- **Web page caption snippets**
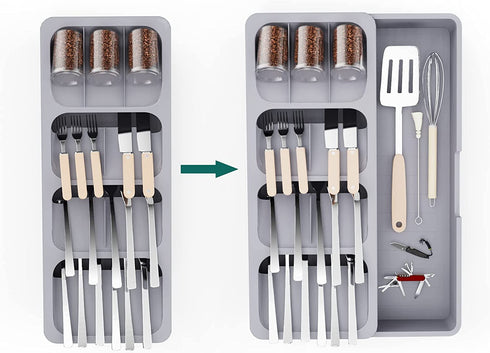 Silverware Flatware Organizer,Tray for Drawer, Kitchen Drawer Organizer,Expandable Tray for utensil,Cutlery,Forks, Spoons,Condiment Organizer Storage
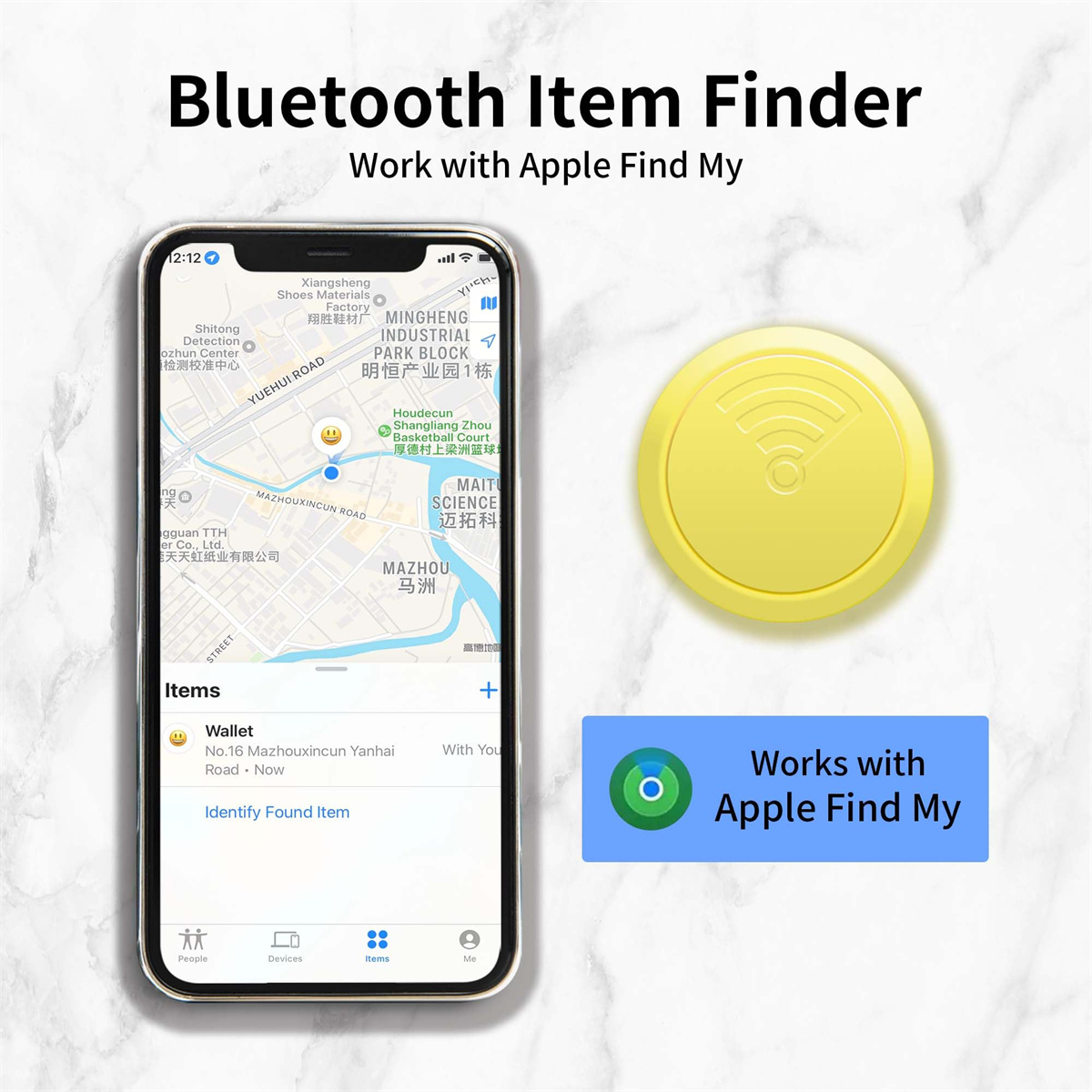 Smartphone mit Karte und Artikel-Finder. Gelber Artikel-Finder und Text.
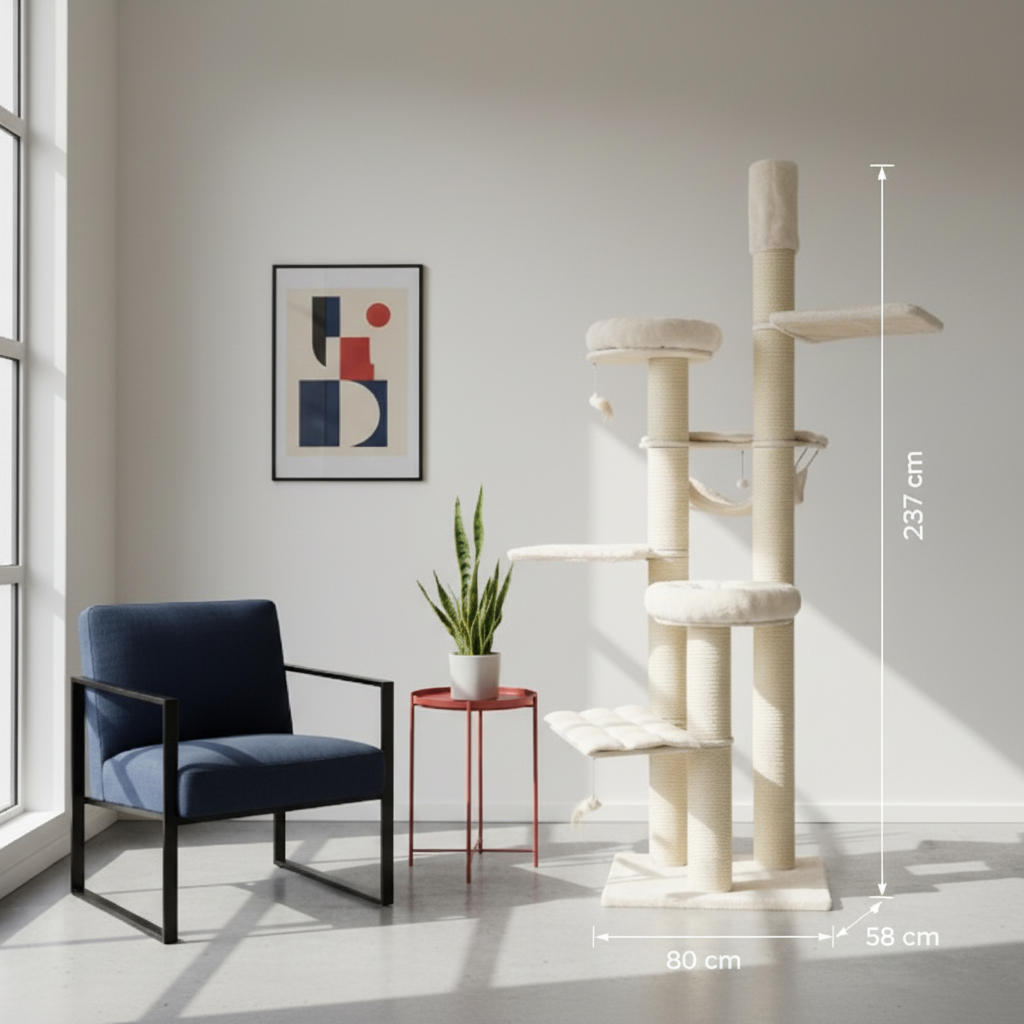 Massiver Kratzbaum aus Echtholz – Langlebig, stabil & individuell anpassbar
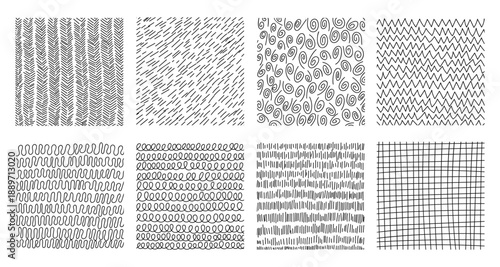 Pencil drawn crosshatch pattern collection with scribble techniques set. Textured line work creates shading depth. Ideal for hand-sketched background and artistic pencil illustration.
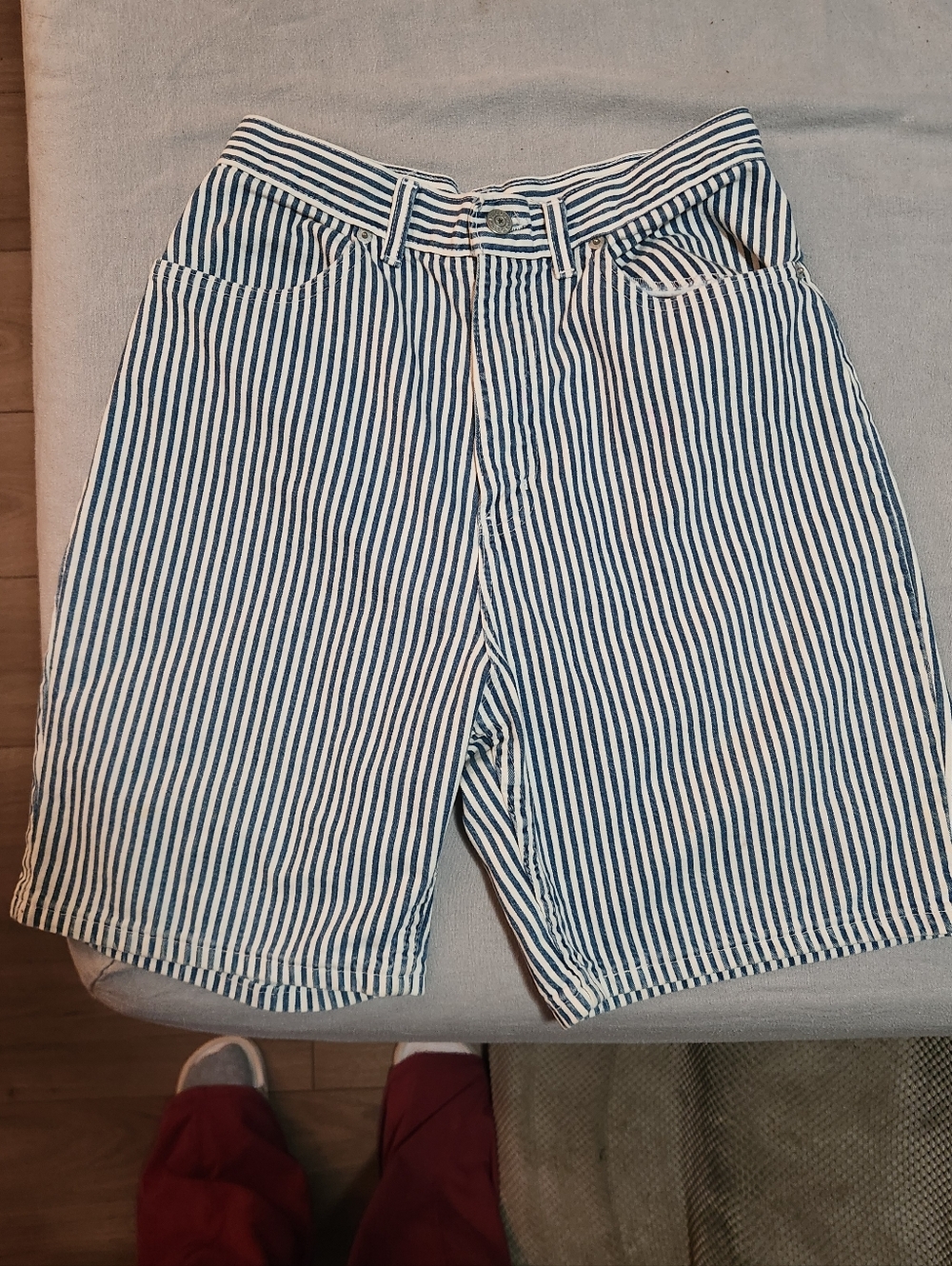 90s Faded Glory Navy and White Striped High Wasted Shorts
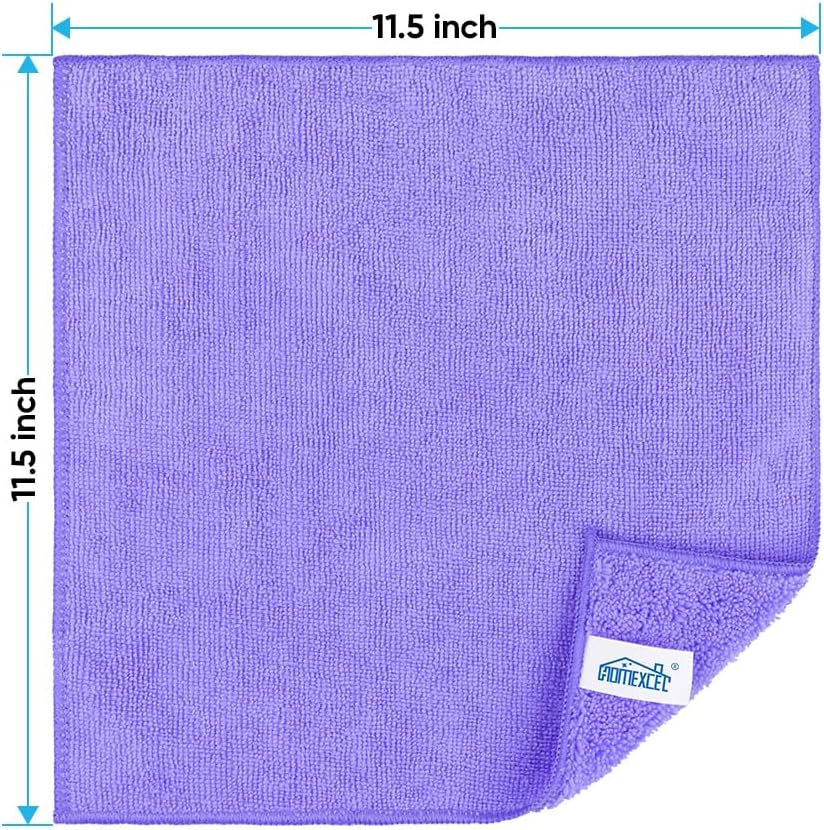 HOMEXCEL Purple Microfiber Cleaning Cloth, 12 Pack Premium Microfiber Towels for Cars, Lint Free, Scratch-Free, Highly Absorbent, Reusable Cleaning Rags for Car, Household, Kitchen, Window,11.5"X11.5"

- **TASK OBJECTIVE**
Pictures are to be left out while the lines from the beginning of the records through the line with "90s Faded Glory" are copied word for word.

- **SOLUTION**
 Silverware Flatware Organizer,Tray for Drawer, Kitchen Drawer Organizer,Expandable Tray for utensil,Cutlery,Forks, Spoons,Condiment Organizer Storage
 Smartphone mit Karte und Artikel-Finder. Gelber Artikel-Finder und Text.
 Massiver Kratzbaum aus Echtholz – Langlebig, stabil & individuell anpassbar
 Pencil drawn crosshatch pattern collection with scribble techniques set. Textured line work creates shading depth. Ideal for hand-sketched background and artistic pencil illustration.
 90s Faded Glory Navy and White Striped High Wasted Shorts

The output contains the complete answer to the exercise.